Le journaliste Etienne Huver est en Centrafrique et il est le seul à être entré à Bossangoa. Il couvre la guerre en Centrafrique qui oppose chrétiens et musulmans et fait des centaines de mort. Depuis mars 2013, le nouveau gouvernement de Bangui ne maîtrise plus ses propres troupes.

 

L'insécurité est le problème principal à Bangui et le phénomène s'est généralisé dans toute la ville, explique Etienne Huver. Le ministre de la Sécurité publique Josué Binoua avoue sa totale impuissance à maîtriser les choses et explique qu'il n'a pas plus de quatre voitures de police et de gendarmerie pour ses troupes.

 

Le gouvernement tente de désarmer les miliciens qui ont pris le pouvoir en mars, mais ces hommes ne répondent qu'à leur propre chef et sont quasiment impossibles à désarmer, tant des les rues de Bangui que dans le reste du pays, estime Etienne Huver.

 

La coalition Séléka

 

La coalition Séléka serait composée de chefs de guerre venant du Tchad, du Soudan ou du Darfour. Au moment de leur prise de pouvoir, ils n'ont pas hésité à détruire l'état civil de Centrafrique, et aujourd'hui "il est quasiment impossible de savoir qui est centrafricain." En Centrafrique 85% de la population est chrétienne, 15% musulmane.

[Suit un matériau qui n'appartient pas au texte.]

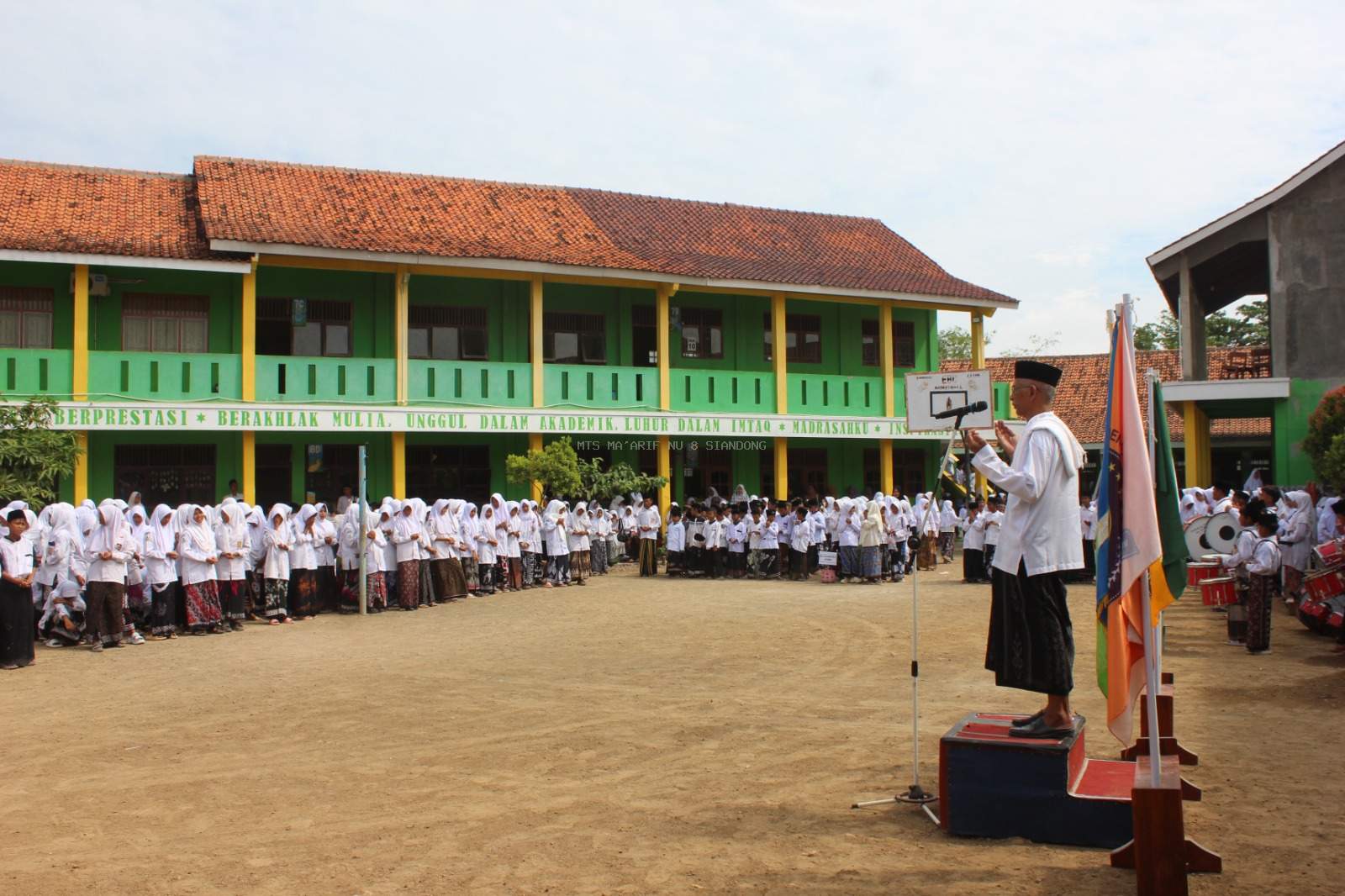 Santri Bersatu ! Siswa-siswi MI Al-Wathoniyah 01 & 02 beserta MTs Ma'arif NU 8 Siandong Gelar Upacara Bersama Hari Santri Nasional 2025 Di pimpin Ketua Yayasan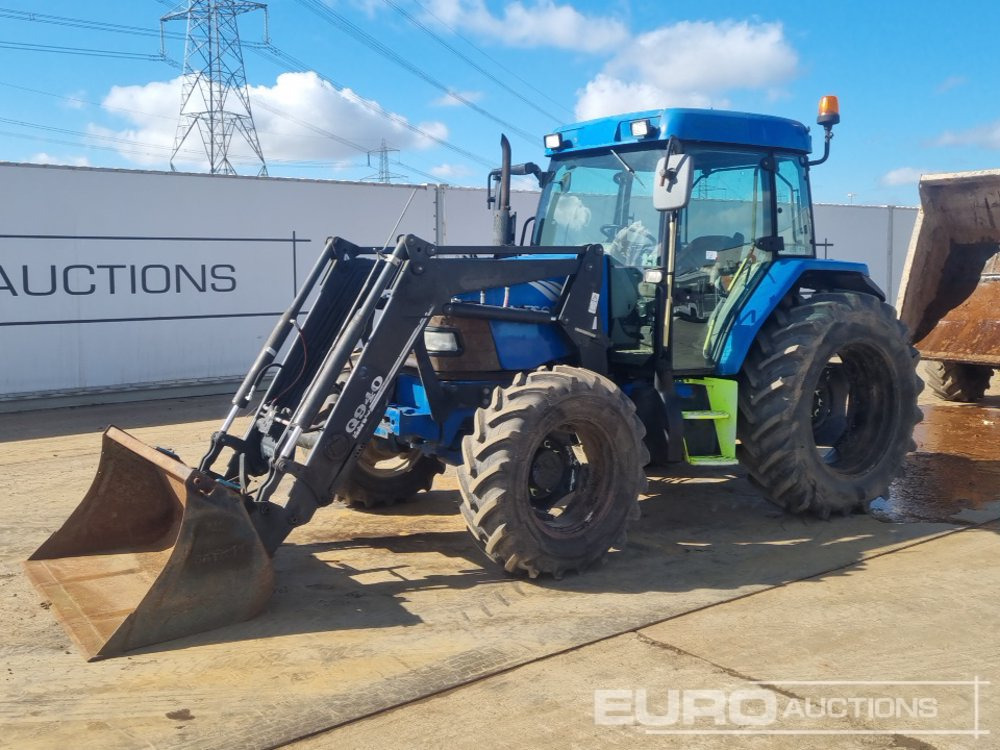 McCormick CX85 - Traktor: 1 kép. McCormick CX85 - Traktor: 1 kép.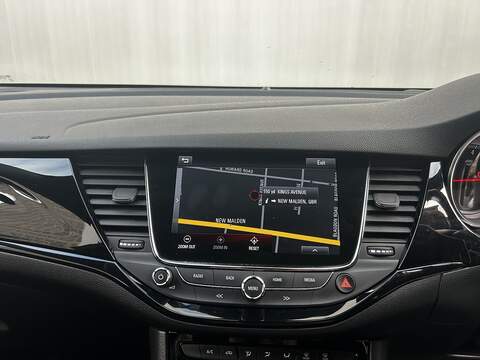 Vauxhall Astra 1.4i Turbo SRi Nav Hatchback 5dr Petrol Auto Euro 6 (s/s) (150 ps) - U373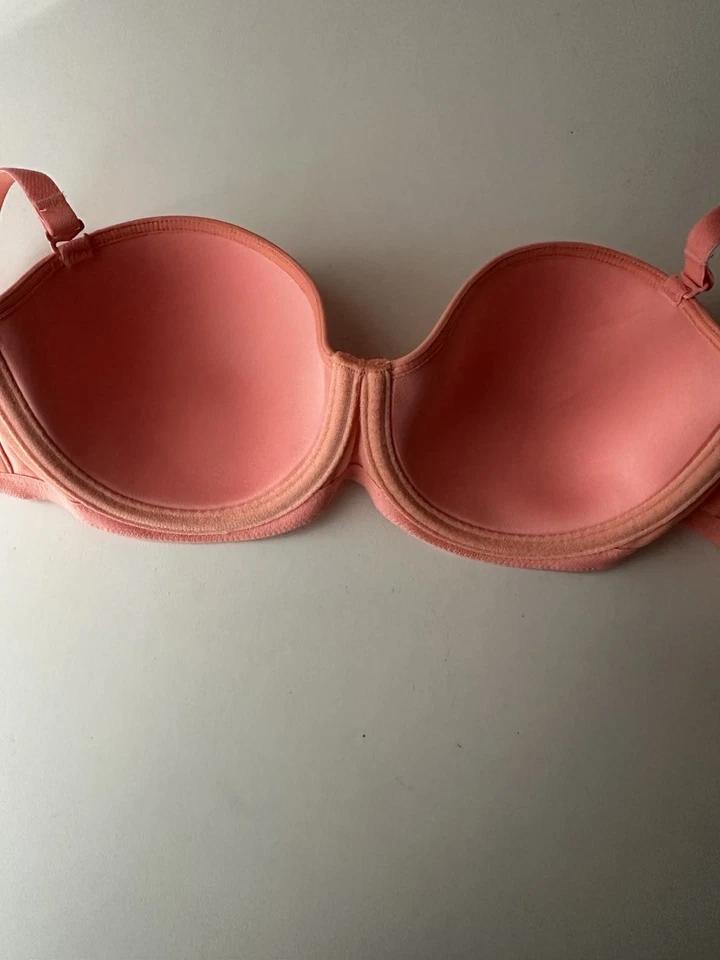 Sujetador Camiseta Triumph WDP 34B Suave Acolchado Con Aros Nuevo Sin Etiqueta Foto 2 de 4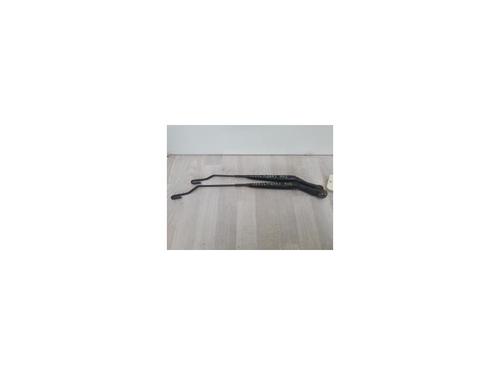 Used Front windshield wiper arm NISSAN MICRA III (K12) 1.2 16V (65 hp) 28112287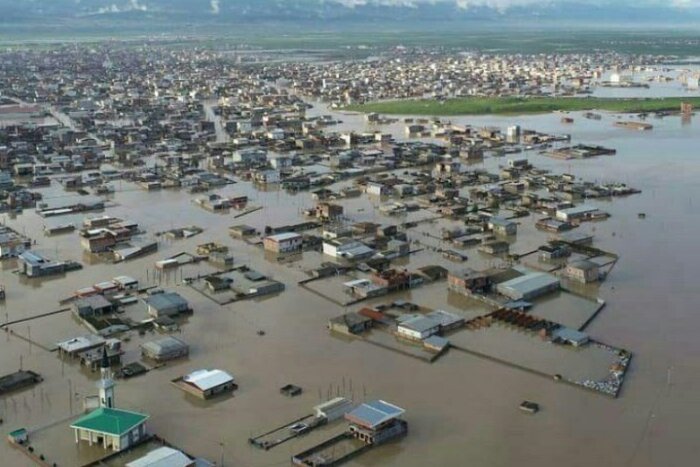 تصاویر| بندرترکمن در محاصره آب و فاضلاب/ تبدیل کوچهها به دریاچه تصاویر| بندرترکمن در محاصره آب و فاضلاب/ تبدیل کوچهها به دریاچه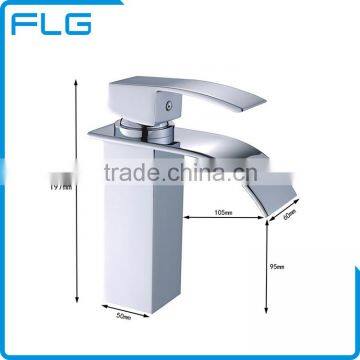Professional Design Chrome Plated Brass Body Basin Faucet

Les chefs de guerre ont principalement recruté chez les musulmans.

 

A Bossangoa, les villageois pillés et torturés par la Séléka s'arment pour former une armée et demandent aux soldats de leur fournir des munitions. Ils veulent tenter de reprendre Bangui. La ville est quasiment coupée du monde. Les musulmans se rapprochent des postes militaires tenus par la Séléka et les chrétiens de l'évêché.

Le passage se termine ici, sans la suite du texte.